■ **Requirement**
All lines from the one containing "Salad is mix" through the end of the data below are to be repeated exactly, with pictures left out.

Captioned web images:
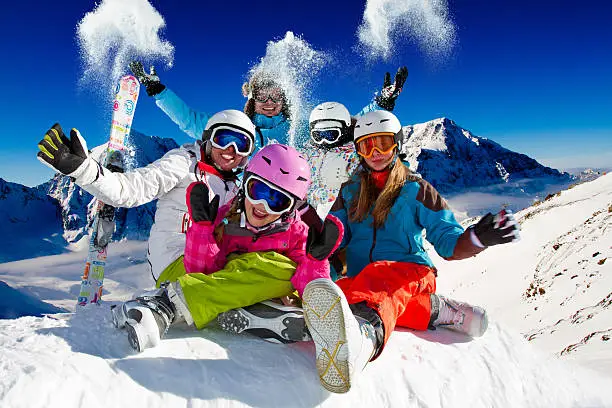 A family enjoying a skiing holiday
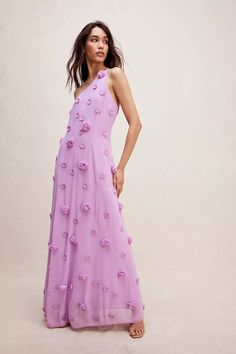 a woman wearing a purple dress with flowers on it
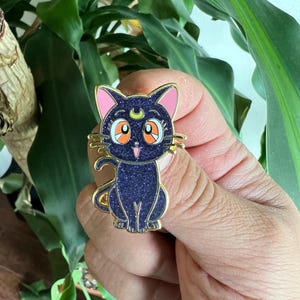 May include: A gold-colored pin featuring a cartoon cat with a crescent moon on its forehead. The cat has large orange eyes, pink ears, and a dark blue body with glitter. The pin is held in front of a green leafy background.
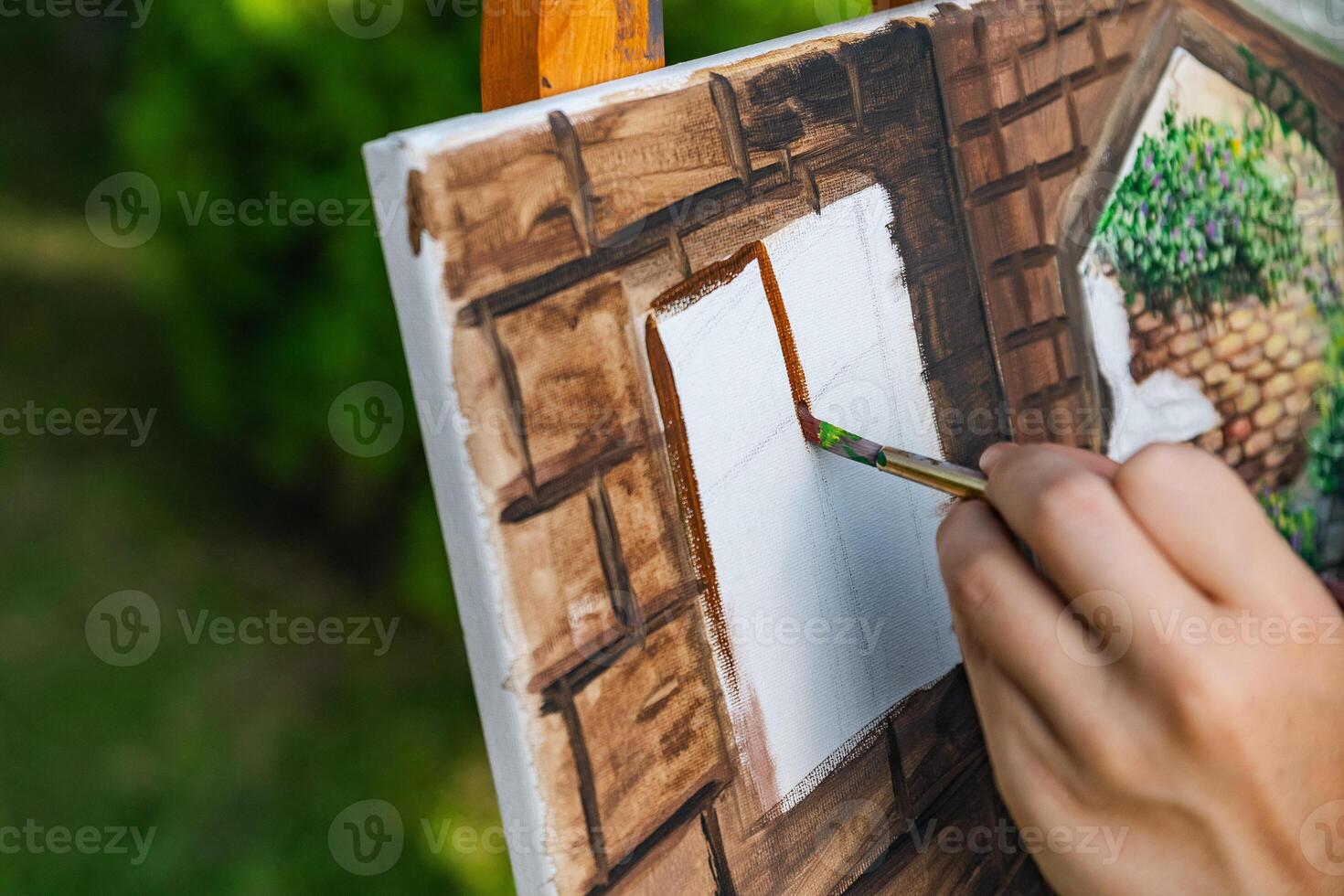 Close-up of someone skillfully painting on a canvas. The artwork looks like it depicts a rustic scene, possibly featuring elements like bricks or wood, giving it a cozy, homely feel. photo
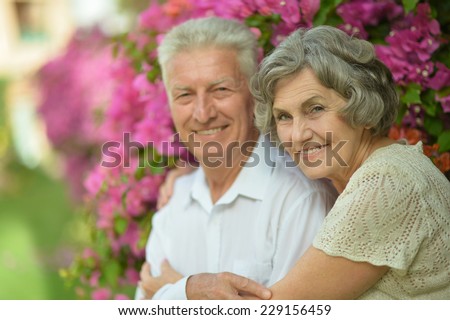 Loving happy elder couple in tropic resort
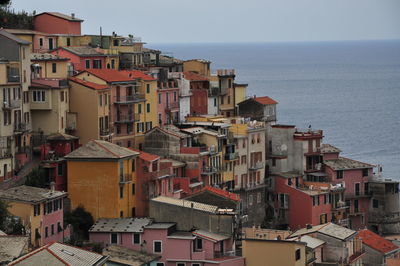 High angle view of townscape by sea against sky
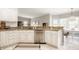 Bright kitchen with stainless steel appliances, granite counters, white cabinets, and tiled backsplash at 15920 Oak Park Ct, Westfield, IN 46074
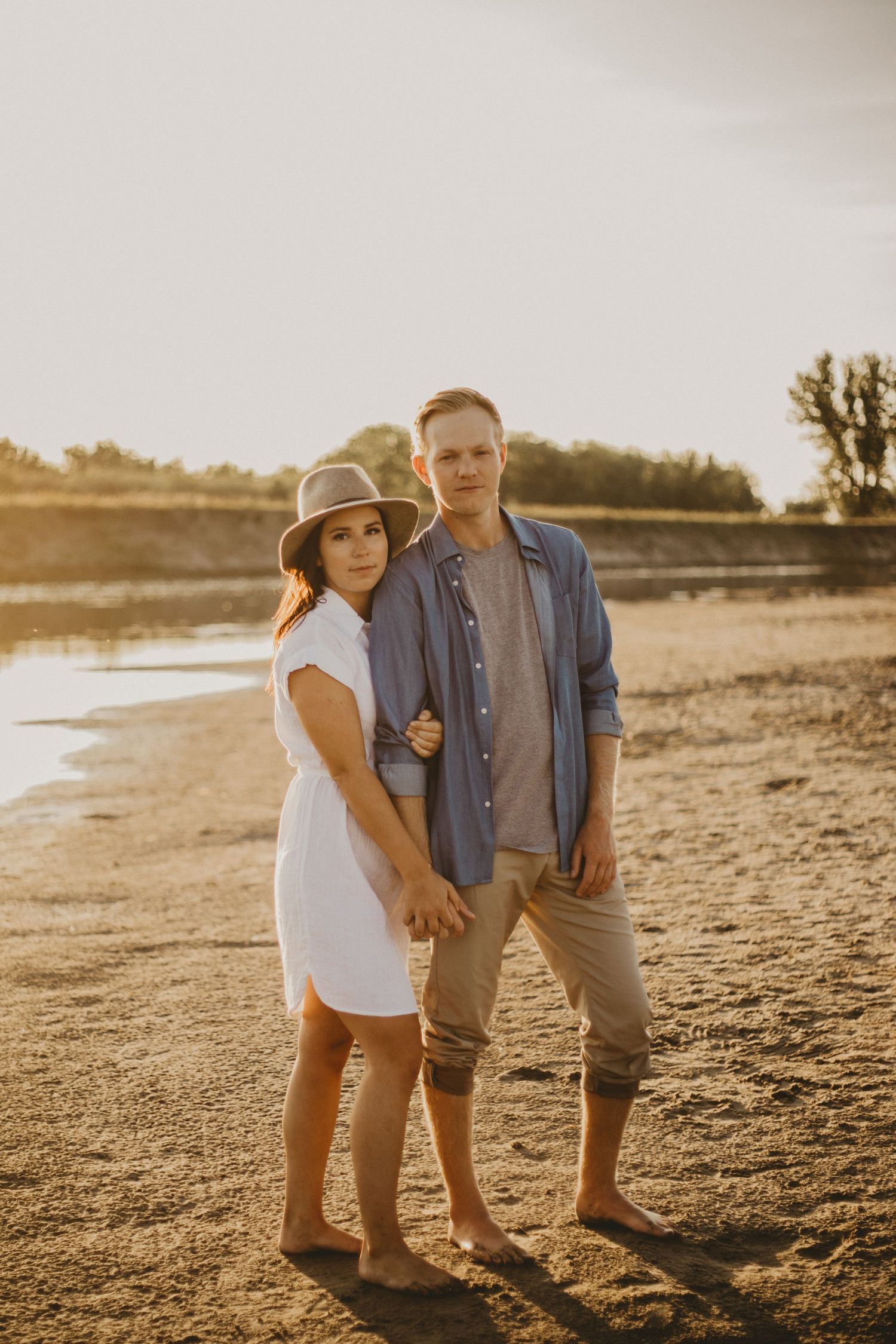 A couple poses together on a beach during golden hour wearing coordinated casual outfits.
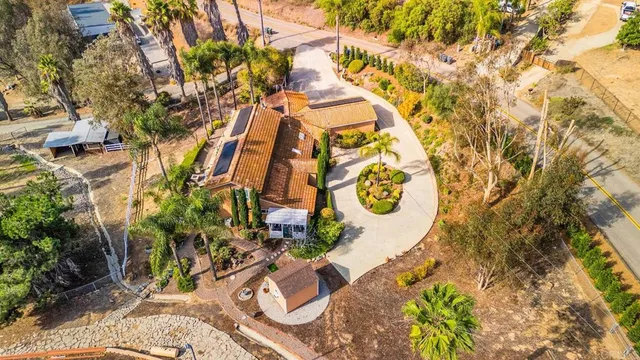a view of a swimming pool with lounge chairs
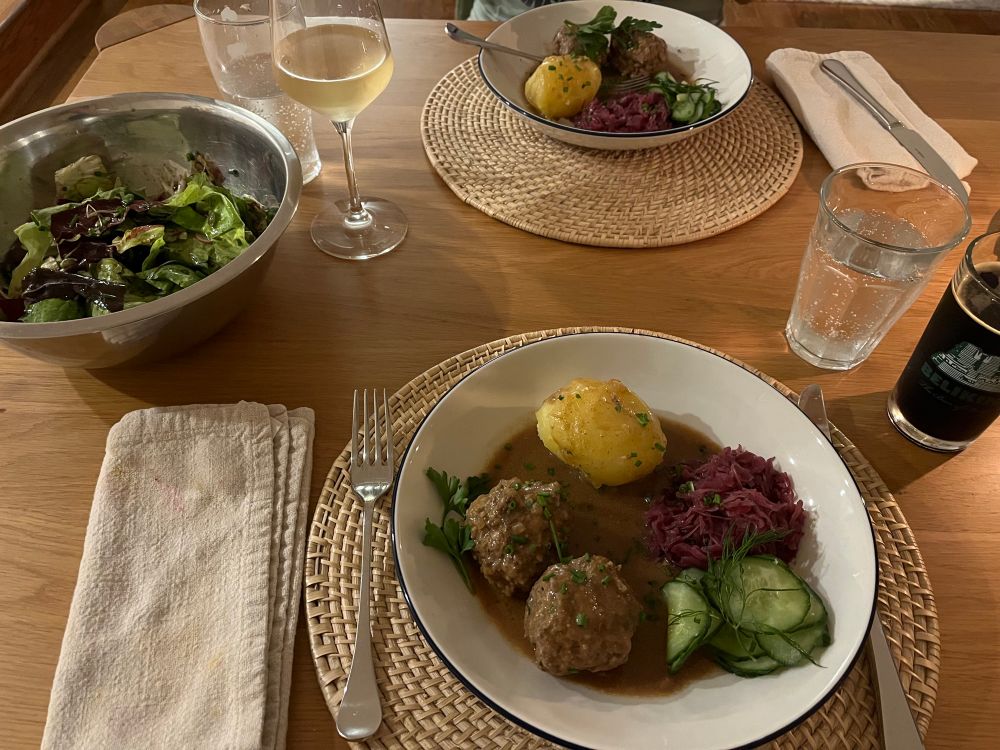 Pork/beef meatballs poached in a roast beef gravy seasoned with juniper berry, bay leaves, and clove. Viennese-style pickles, boiled Yukon gold potatoes, and Rotkohl.

Salad is mix of Boston lettuce, radicchio and sorrel with radish and chive and Styrian pumpkin seed oil dressing with Dijon and apple cider vinegar.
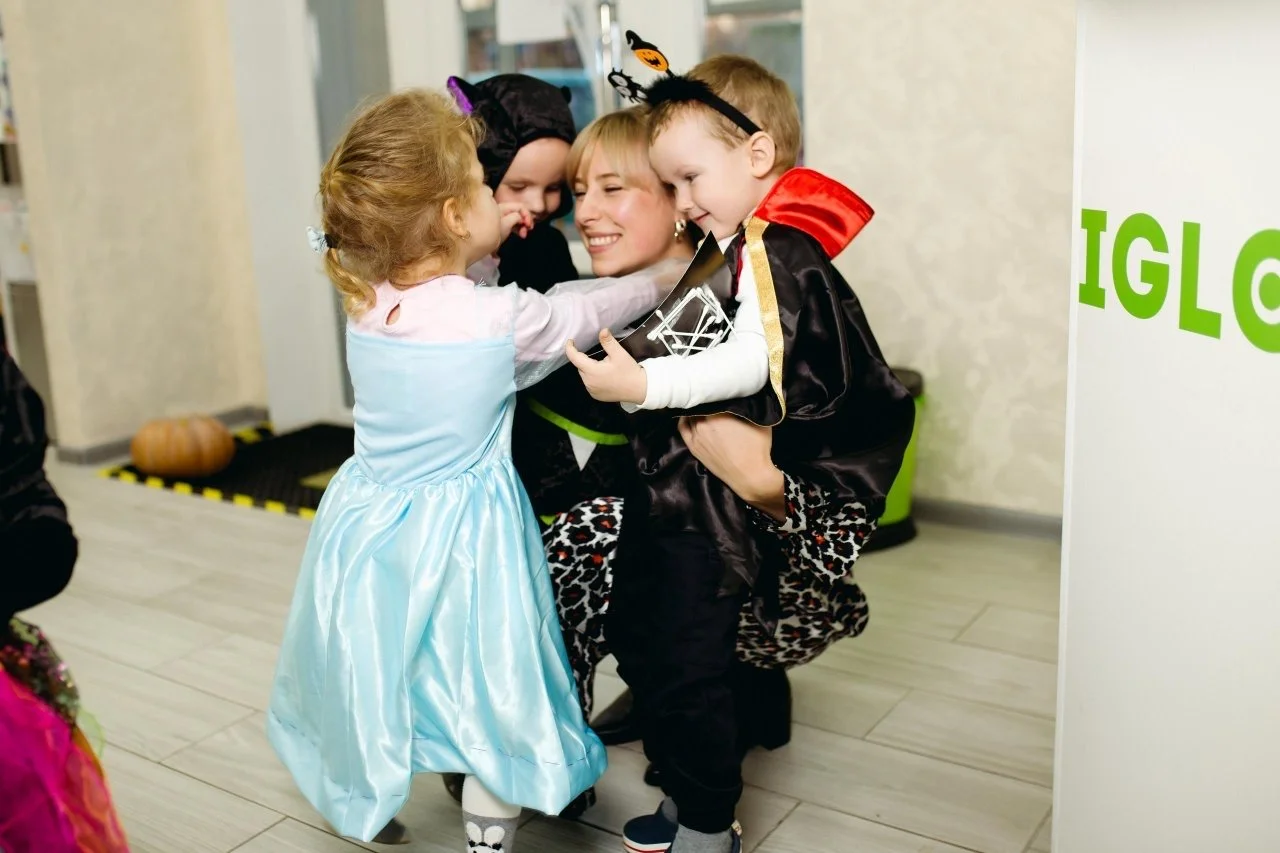Children dressed in Halloween costumes hugging a woman, celebrating at a party, with the word 'IGLO' partially visible in the background.
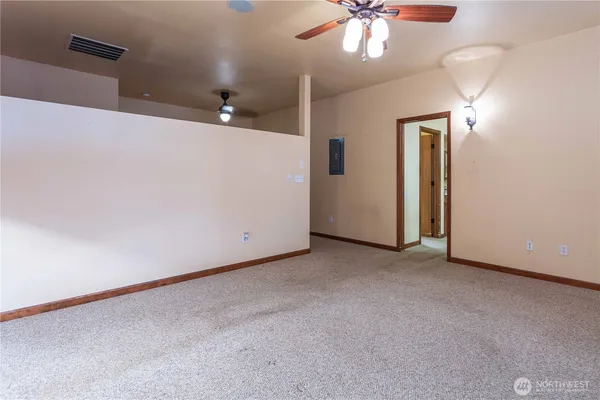 a view of a room with a ceiling fan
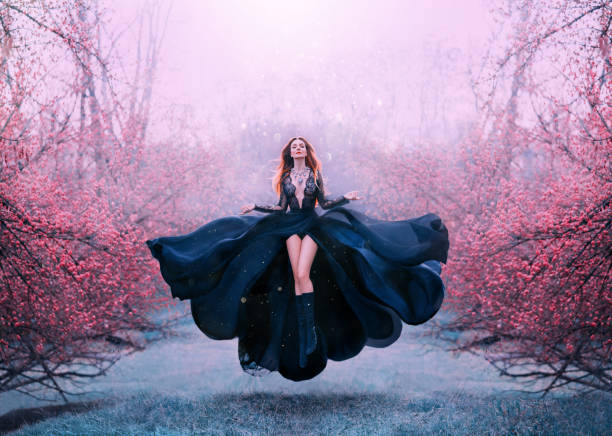 gorgeous red-haired hot woman in long flying black dress fluttering, witch turns into crow, dark queen in frozen spring flowering forest, levitation and flight, open breasts and bare sexy legs girl with bright red hair levitates above ground, powerful sorceress, forest goddess in black flying dress with lace on open chest and bare long legs, lady in flowering orange garden and hand raven. dark pink dress stock pictures, royalty-free photos & images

■ **Written answer**
Salad is mix of Boston lettuce, radicchio and sorrel with radish and chive and Styrian pumpkin seed oil dressing with Dijon and apple cider vinegar.
Children dressed in Halloween costumes hugging a woman, celebrating at a party, with the word 'IGLO' partially visible in the background.
 a view of a room with a ceiling fan
 gorgeous red-haired hot woman in long flying black dress fluttering, witch turns into crow, dark queen in frozen spring flowering forest, levitation and flight, open breasts and bare sexy legs girl with bright red hair levitates above ground, powerful sorceress, forest goddess in black flying dress with lace on open chest and bare long legs, lady in flowering orange garden and hand raven. dark pink dress stock pictures, royalty-free photos & images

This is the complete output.